Sunday, March 2, 2014

March 1st

March 1st, three years ago I faced a future of uncertainty, now it's a day to celebrate new beginnings.  That day three years ago was the hardest of my life. I walked into a court room with three of my best friends and lawyer, a dear friend as well. As the petitioner in an uncontested divorce I was the only one that needed to show up. My friends, voluntarily took off from their busy days to be there for me. I will never be able to adequately express what this meant to me. I remember walking through the metal detector and being overcome with all of it. My heart was racing and I couldn't breath, a full on panic attack and there they all were. My papers were stamped, my 12 year marriage dissolved. That was it.
Somehow in the hours that followed a lightness came over me. It was done, no more wondering, no more hoping, no more being disappointed, it was done. My friends and I gathered to say a toast to the future, met up with the rest of the girls. We laughed and cried through the evening. This was love, and I am lucky enough to experience it.
Fast forward three years. I am living life on my terms, supporting myself and kids and running a business.
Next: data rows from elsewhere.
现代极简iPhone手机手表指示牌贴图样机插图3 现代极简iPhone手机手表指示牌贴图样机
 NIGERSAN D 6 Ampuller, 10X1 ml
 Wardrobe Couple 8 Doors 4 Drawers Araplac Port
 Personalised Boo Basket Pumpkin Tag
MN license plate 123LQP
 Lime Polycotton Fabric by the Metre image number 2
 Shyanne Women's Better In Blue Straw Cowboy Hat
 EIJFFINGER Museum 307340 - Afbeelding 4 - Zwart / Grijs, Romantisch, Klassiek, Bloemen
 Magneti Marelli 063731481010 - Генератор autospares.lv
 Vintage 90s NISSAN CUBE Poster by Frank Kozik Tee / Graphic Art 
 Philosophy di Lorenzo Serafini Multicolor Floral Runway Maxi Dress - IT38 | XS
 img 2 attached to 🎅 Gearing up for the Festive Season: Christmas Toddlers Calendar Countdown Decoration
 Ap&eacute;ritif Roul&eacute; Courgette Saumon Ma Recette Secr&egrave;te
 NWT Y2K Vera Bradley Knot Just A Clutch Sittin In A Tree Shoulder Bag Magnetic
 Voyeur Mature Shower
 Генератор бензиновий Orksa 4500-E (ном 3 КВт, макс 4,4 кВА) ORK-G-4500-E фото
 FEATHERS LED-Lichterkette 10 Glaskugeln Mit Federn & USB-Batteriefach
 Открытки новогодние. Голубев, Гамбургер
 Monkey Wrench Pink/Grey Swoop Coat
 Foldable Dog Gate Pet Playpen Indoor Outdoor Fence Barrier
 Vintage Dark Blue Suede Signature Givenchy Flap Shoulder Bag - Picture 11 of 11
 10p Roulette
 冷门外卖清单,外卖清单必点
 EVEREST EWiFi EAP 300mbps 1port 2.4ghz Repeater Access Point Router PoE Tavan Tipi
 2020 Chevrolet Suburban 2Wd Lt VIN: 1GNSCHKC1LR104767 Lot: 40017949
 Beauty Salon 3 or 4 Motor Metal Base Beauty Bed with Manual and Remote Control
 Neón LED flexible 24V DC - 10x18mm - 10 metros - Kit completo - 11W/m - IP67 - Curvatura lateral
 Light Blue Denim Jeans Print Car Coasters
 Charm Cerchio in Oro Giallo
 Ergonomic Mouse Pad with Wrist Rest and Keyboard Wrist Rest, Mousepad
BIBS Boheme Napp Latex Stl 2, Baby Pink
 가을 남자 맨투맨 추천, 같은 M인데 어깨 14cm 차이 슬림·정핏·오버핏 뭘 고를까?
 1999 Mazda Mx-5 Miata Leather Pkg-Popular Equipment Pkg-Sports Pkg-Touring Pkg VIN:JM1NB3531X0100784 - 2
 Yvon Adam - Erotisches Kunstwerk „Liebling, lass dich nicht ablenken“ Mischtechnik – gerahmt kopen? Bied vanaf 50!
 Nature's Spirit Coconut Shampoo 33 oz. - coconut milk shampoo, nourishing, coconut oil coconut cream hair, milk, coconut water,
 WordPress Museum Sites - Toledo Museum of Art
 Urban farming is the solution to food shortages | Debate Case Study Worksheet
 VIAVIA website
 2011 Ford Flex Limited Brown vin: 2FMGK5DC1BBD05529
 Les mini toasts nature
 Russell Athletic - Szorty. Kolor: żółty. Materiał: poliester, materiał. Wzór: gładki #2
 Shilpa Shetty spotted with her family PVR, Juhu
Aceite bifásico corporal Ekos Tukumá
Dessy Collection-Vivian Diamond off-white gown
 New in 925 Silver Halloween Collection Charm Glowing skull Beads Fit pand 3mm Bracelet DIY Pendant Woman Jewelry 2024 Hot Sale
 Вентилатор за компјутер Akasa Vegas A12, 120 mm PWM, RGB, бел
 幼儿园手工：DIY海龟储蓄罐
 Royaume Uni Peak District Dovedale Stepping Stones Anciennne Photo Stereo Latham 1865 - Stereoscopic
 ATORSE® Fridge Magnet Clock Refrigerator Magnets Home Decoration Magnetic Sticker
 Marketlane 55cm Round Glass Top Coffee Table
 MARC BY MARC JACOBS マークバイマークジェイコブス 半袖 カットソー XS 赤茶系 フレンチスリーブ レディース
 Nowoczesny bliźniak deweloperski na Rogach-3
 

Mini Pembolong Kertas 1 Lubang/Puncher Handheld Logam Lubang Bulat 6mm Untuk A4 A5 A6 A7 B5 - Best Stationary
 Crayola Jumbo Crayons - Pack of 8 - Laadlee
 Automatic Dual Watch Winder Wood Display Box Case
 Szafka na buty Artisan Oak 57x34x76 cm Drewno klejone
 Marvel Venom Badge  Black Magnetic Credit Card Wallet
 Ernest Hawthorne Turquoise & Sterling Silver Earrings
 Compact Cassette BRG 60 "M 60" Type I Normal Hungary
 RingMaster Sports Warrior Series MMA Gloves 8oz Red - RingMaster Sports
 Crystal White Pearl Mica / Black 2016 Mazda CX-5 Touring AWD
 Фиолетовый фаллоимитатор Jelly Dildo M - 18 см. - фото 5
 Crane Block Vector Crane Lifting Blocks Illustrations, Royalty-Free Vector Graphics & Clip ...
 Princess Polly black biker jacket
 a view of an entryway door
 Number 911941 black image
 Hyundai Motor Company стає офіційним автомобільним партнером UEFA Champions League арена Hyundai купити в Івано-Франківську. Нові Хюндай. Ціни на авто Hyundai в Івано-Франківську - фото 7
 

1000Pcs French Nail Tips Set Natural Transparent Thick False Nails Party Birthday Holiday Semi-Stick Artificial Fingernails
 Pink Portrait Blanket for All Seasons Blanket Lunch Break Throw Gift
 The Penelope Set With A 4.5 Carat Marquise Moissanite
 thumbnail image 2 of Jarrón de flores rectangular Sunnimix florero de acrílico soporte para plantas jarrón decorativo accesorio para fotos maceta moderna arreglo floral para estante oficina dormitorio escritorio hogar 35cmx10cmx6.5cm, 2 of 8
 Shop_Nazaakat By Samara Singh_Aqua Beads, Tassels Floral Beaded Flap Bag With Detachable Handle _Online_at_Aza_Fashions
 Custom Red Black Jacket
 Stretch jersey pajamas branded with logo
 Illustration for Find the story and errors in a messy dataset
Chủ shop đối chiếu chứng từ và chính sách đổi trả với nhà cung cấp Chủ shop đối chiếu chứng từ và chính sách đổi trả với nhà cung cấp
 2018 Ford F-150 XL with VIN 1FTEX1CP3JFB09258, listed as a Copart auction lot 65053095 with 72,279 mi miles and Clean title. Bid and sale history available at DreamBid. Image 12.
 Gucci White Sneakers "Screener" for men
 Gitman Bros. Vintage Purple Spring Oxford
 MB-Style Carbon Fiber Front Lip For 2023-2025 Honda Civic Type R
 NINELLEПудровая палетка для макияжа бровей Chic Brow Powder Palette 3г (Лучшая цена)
Appreciating and enjoying life more. I am with a man, that loves me for exactly who I am. My relationship with my kids was only strengthened through all of this. I continue to be in awe that somehow I met the ladies that are now my best friends. My life feels full and blessed, and I don't take it for granted.
I have always believed life is a series of lessons, ones we should learn from and continue on, improving along the way! Cheers

2 comments:

Kristen said...

God is good and faithful, isn't he? Thankful for that. Hugs to you today, Jenni!

Jenni said...

Thank you Kristen! And yes, it was comforting to put my trust in him, I feel as though this was his plan for me all along!